Başlıktaki deyimin sözlük anlamı aynen şu şekilde ; HEM SUÇLU HEM GÜÇLÜ
“ Gerçekte kendisi suçlu olduğu hâlde suç işlememiş gibi davranan ve karşısındakini suçlamaya çalışan kimse. “
İşte Ekrem İmamoğlu ve CHP’lilerin İstanbul Büyükşehir Belediye Başkanlığı seçiminin YSK tarafından yeniden tekrarlanma kararı vermesinin akabinde tam olarak içinde bulundukları hal bu. Hayır hayır yanlış anlaşılmasın, CHP’yi itham etmiyorum. Ne de olsa mazbatalarda kaydırma yaparak oyları başka adaylara yazdıran, memur olması gereken sandık başkanlarını farklı mesleklerden seçenler onlar değiller. Üstelik bu detayı YSK ya itiraz başvurusunda bulunan Ak Parti Genel Başkan Yardımcısı Ali İhsan Yavuz defeatle kamuoyuna bildirdi. Ne demişti peki?
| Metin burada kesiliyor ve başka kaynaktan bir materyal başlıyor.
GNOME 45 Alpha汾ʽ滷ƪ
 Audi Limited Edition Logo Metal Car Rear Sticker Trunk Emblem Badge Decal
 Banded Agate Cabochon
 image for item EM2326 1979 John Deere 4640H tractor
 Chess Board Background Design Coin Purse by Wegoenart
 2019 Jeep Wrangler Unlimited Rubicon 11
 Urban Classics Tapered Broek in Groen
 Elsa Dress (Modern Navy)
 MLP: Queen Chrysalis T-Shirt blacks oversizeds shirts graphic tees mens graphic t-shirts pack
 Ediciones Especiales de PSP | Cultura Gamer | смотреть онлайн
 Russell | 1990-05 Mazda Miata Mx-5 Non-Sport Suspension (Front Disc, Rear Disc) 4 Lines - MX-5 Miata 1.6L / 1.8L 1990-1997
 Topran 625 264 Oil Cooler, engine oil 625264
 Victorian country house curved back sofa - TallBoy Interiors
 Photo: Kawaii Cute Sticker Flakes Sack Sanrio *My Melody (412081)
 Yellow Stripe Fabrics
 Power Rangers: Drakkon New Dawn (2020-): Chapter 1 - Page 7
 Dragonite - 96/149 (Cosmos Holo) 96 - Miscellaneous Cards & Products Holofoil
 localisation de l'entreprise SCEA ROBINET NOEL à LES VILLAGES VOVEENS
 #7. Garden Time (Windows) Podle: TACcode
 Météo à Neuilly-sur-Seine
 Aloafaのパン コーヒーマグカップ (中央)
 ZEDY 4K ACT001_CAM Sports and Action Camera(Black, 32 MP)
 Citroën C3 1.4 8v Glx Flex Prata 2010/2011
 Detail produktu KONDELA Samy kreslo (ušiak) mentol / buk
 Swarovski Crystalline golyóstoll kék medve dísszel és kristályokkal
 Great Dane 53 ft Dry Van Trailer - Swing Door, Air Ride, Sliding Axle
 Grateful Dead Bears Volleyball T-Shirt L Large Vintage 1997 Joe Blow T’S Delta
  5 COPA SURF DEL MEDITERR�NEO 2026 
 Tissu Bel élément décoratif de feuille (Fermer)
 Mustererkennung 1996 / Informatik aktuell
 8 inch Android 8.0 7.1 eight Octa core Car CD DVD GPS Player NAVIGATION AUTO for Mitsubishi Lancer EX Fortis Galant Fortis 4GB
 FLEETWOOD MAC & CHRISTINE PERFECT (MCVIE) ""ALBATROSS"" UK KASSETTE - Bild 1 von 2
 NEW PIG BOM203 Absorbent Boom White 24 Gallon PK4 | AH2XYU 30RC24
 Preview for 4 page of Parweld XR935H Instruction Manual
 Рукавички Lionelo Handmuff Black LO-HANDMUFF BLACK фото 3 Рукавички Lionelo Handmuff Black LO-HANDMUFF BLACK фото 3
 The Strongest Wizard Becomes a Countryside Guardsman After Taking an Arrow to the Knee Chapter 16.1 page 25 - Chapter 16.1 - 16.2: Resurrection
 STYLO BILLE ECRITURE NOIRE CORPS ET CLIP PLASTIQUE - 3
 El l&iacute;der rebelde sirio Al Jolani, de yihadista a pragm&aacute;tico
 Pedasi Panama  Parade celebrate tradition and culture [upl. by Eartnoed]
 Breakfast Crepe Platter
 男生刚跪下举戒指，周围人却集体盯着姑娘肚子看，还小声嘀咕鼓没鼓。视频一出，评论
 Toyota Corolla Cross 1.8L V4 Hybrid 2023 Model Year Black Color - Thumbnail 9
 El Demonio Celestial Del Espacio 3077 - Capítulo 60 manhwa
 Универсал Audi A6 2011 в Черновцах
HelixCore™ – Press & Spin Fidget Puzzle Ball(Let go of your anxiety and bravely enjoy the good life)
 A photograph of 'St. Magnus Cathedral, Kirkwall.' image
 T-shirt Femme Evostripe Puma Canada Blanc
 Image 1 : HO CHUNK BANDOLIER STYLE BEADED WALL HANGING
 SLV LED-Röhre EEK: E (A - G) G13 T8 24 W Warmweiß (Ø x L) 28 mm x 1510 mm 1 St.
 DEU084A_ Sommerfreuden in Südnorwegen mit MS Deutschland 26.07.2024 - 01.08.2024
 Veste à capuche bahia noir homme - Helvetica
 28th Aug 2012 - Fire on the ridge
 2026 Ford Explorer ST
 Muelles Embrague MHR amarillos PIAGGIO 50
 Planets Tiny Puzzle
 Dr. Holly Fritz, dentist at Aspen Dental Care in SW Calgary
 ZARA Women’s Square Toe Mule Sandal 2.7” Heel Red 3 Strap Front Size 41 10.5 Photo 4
“Ben CHP’nin tavrını kesinlikle anlamıyorum. Ben şunu demiyorum, baştan sona CHP kurguladı, bu usulsüzlüğü yaptı yaptırdı iddiasında değilim. Ama bu oldu ve belgeleriyle ortaya koyuyoruz. CHP’ye de düşen, bu kadar kanunsuz iş ve işlemleri onların da takip etmesidir. Neden? Eğer biz bu sistemi arındıramazsak, bu hataları, şüpheleri; bundan sonraki seçimlere ilişkin soru işareti kalır.”
İyi ama CHP suçlu değilse neden bu feryat ve figanlar?
Aynı hal ve hareketleri iptal kararı açıklanmadan önce de yaptılar. Daha resmi sonuçlar açıklanmadan Anıtkabir’e koşup deftere yazı yazmalar, itiraz sürecinde “ Verin mazbatamı! “ diye ilçe ilçe dolaşmalar.
İptal kararı sonrası da kankası Fatih Portakal’ın programına çıktı İmamoğlu, aklımızla alay edercesine zarf ve pusulalar üzerinden algı yapmaya çalıştı. Neymiş, zarfta 3 pusula var, ilçe belediye başkanı, ilçe meclisinde bir sorun yok ama İBB pusulası sorunlu. İşte bu sav üzerinden YSK kararını çürütmeye çalışıyor aklınca. Yahu kimsenin sandıkla, zarfla, pusulayla ilgili bir itirazı yok zaten. Ne olduysa oylar sayılıp, tutanaklara işlendikten sonra oldu. Sandık iradesini yansıtan tutanaklar YSK sistemine girilirken ne hikmetse Ak Parti ve Binali Yıldırım oyları kaydırma yapılarak başka partilere yansıtıldı. Peki bu nasıl oldu?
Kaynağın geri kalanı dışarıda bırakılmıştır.